Frühere Gepflogenheiten ermöglichen: Als mein Grossvater kurze Zeit später selbst ins Pflegeheim zog, zeigte die Altersdepression wieder ihr wüstes Gesicht. Er hat vollends aufgegeben. Es war Weihnachtszeit und er hat jeglichen Service, der über Hospiz hinausging, abgelehnt. Er wollte sterben. Der Umgang mit dieser Situation würde mindestens einen weiteren Blog-Artikel füllen. Für den Moment sei einfach gesagt, es war noch nicht unmittelbar Zeit für ihn. Er musste schon noch ein bisschen ausharren. Ich wusste lange nicht, wie ich ihm diese Zeit ein bisschen erträglicher machen konnte. Als ich eines Tages verzweifelt in einer Bäckerei stand, um für ihn etwas Süsses (er hätte sich von Crèmeschnitten ernähren können) zu kaufen, fiel mein Blick auf einen Stapel kleine, liebevoll mit Geschenkpapier verpackte Schächteli. Und plötzlich dachte ich daran, dass er seinem Besuch immer irgendein Geschenk auf den Weg mitgab. Ich kaufte also 10 von diesen «Gschenkli» und brachte sie ihm vorbei mit den Worten: «Schau mal, die kannst du selber essen oder verschenken, wenn du findest, dass jemand eins verdient (Spoiler: Ich habe keins bekommen, aber meine Tante drei Stück… 😆). Vor dem nächsten Besuch rief er mich an und sagte: «Kannst du nochmals 15 von diesen «Gschenklis» bringen? Ich hätte in Tränen ausbrechen können. Das war sein erster Wunsch seit langem, der nicht mit seiner Beerdigung zu tun hatte.

Jeder Mensch hat eine Aufgabe

Was auch immer gut geholfen hat – und was ich aus tiefstem Herzen glaube – war das Zitat von Papst Franziskus, dass jeder Mensch eine Aufgabe hat. Jeder und immer. Auch mein Grossvater hatte noch eine Aufgabe, auch wenn er sie selbst nicht sehen konnte.
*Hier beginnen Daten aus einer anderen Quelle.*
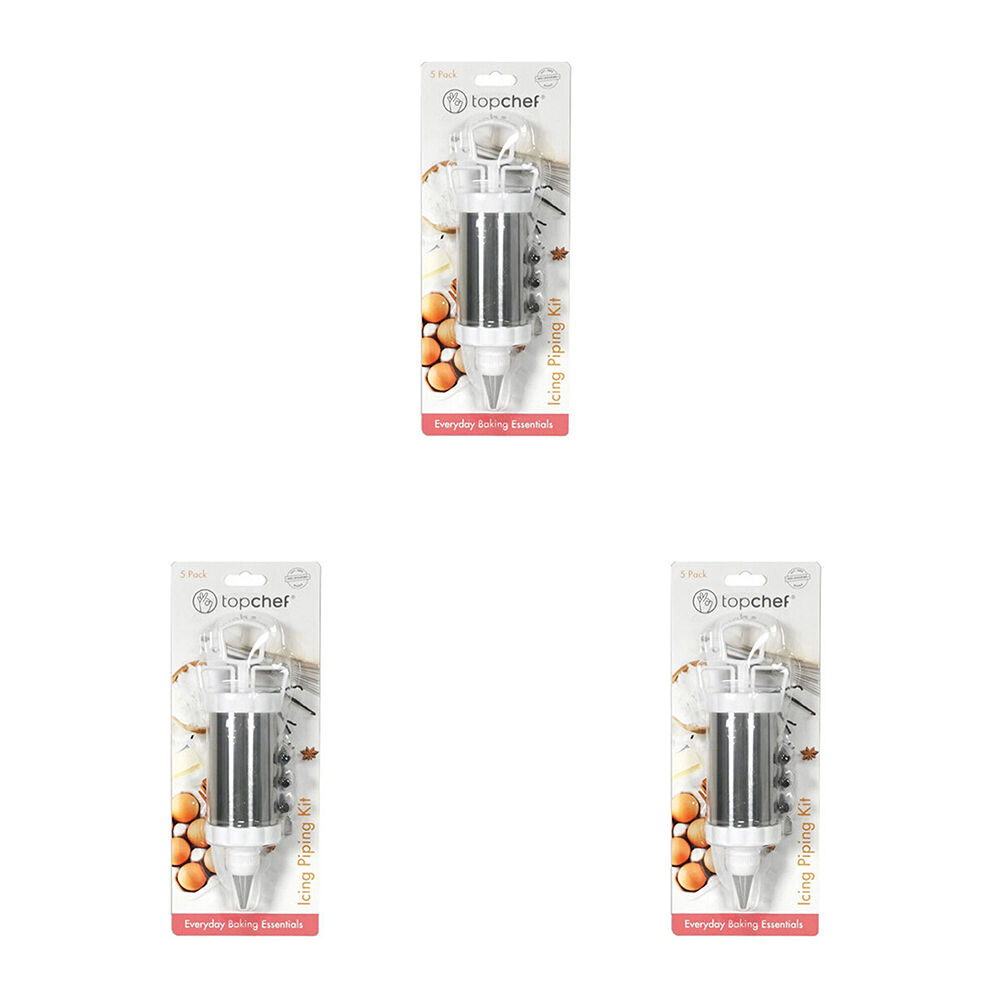 Topchef Stainless Steel Icing Piping Decorating Baking Kit White (3 Pack)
Wir machen oft den Fehler zu glauben, dass nur das Geben wertvoll ist. «Geben ist seliger als nehmen» –  dabei vergessen wir, dass das auch bedeutet, dass wir jemandem etwas Gutes tun, wenn wir ihn geben lassen. Ein Mensch, der nichts annehmen will, beraubte sich selbst der Möglichkeit zu geben. Im Umgang mit älteren Menschen – ob sie Demenz haben oder nicht – lernen wir auch, was uns selbst erwartet. Wir lernen Empathie und vielleicht, was wir alles noch tun sollten, solange wir können.

Bis zum Schluss

Mein Grossvater kämpfte bis zum Schluss mit dem Gedanken, dass er nichts mehr nütze. Erst auf seinem Sterbebett hat er sich damit versöhnt und stellte sich der Aufgabe, die eben auch ein Sterbender noch hat: Uns Liebe geben und Dankbarkeit zeigen zu lassen. Auch er sagte uns mit letzter Kraft noch «Danke» – mit einer Geste, denn sprechen konnte er bereits nicht mehr. Und er liess unsere Hände nicht mehr los und drückte sie fester, wenn wir sagten, dass wir nun gehen würden. Was wir nicht sagten, weil wir gehen wollten, sondern aus Respekt, weil er uns ansonsten jeweils weggeschickt hatte, wenn er müde wurde. Er wollte uns möglichst nicht belasten. Es war auf eine ganz eigene Art wunderschön, dass er am Ende seines Lebens diese Wand herunter liess und uns als Familie gemeinsam durch diese Zeit gehen liess. Jede und jeder konnte auf seine Art teilhaben – und gehen, wann er oder sie es wollte, und nicht aus Unsicherheit, ob er nicht lieber alleine wäre.

Hoffnung schenken

Hoffnung ist nicht etwas, das wir einfach haben oder nicht. Es ist etwas, das wir einander schenken können. Vielleicht können wir den älteren Menschen in unserem Leben heute etwas Liebes sagen. Denn manchmal braucht es nur unsere Worte, um die Hoffnung wieder zum Leben zu erwecken.

Der Wert eines Menschen liegt nicht in seiner Leistung oder Unabhängigkeit. Er liegt in seinem Sein.